Goal of the exercise: Would you set down the complete data below, exactly as shown?

Data listing below:

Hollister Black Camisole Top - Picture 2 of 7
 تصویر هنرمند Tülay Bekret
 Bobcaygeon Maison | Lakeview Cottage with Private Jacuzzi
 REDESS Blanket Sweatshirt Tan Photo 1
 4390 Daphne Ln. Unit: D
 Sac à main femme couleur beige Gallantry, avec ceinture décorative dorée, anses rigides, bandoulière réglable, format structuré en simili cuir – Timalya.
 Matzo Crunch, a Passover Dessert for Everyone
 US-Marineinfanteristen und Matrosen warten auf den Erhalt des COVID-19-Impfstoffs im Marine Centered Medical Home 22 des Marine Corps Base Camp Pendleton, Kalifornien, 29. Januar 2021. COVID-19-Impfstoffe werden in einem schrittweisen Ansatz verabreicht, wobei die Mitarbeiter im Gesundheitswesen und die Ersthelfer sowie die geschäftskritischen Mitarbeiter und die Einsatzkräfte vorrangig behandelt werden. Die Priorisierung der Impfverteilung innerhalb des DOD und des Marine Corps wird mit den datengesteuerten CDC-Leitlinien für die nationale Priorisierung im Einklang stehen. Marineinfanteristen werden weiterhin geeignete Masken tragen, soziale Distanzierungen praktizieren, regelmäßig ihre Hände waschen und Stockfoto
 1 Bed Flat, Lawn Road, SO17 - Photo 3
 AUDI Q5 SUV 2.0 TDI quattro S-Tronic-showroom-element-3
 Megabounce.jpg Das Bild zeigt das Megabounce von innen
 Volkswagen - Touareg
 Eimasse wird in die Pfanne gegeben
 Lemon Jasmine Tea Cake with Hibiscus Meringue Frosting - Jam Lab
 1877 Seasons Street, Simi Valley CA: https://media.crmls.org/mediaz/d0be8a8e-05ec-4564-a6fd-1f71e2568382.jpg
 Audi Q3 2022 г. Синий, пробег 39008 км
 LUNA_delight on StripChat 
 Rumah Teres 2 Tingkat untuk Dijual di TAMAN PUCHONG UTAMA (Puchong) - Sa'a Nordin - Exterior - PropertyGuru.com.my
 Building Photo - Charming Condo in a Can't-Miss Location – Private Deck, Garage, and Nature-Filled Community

End of Data listing.

Problem solution:
Hollister Black Camisole Top - Picture 2 of 7
 تصویر هنرمند Tülay Bekret
 Bobcaygeon Maison | Lakeview Cottage with Private Jacuzzi
 REDESS Blanket Sweatshirt Tan Photo 1
 4390 Daphne Ln. Unit: D
 Sac à main femme couleur beige Gallantry, avec ceinture décorative dorée, anses rigides, bandoulière réglable, format structuré en simili cuir – Timalya.
 Matzo Crunch, a Passover Dessert for Everyone
 US-Marineinfanteristen und Matrosen warten auf den Erhalt des COVID-19-Impfstoffs im Marine Centered Medical Home 22 des Marine Corps Base Camp Pendleton, Kalifornien, 29. Januar 2021. COVID-19-Impfstoffe werden in einem schrittweisen Ansatz verabreicht, wobei die Mitarbeiter im Gesundheitswesen und die Ersthelfer sowie die geschäftskritischen Mitarbeiter und die Einsatzkräfte vorrangig behandelt werden. Die Priorisierung der Impfverteilung innerhalb des DOD und des Marine Corps wird mit den datengesteuerten CDC-Leitlinien für die nationale Priorisierung im Einklang stehen. Marineinfanteristen werden weiterhin geeignete Masken tragen, soziale Distanzierungen praktizieren, regelmäßig ihre Hände waschen und Stockfoto
 1 Bed Flat, Lawn Road, SO17 - Photo 3
 AUDI Q5 SUV 2.0 TDI quattro S-Tronic-showroom-element-3
 Megabounce.jpg Das Bild zeigt das Megabounce von innen
 Volkswagen - Touareg
 Eimasse wird in die Pfanne gegeben
 Lemon Jasmine Tea Cake with Hibiscus Meringue Frosting - Jam Lab
 1877 Seasons Street, Simi Valley CA: https://media.crmls.org/mediaz/d0be8a8e-05ec-4564-a6fd-1f71e2568382.jpg
 Audi Q3 2022 г. Синий, пробег 39008 км
 LUNA_delight on StripChat 
 Rumah Teres 2 Tingkat untuk Dijual di TAMAN PUCHONG UTAMA (Puchong) - Sa'a Nordin - Exterior - PropertyGuru.com.my
 Building Photo - Charming Condo in a Can't-Miss Location – Private Deck, Garage, and Nature-Filled Community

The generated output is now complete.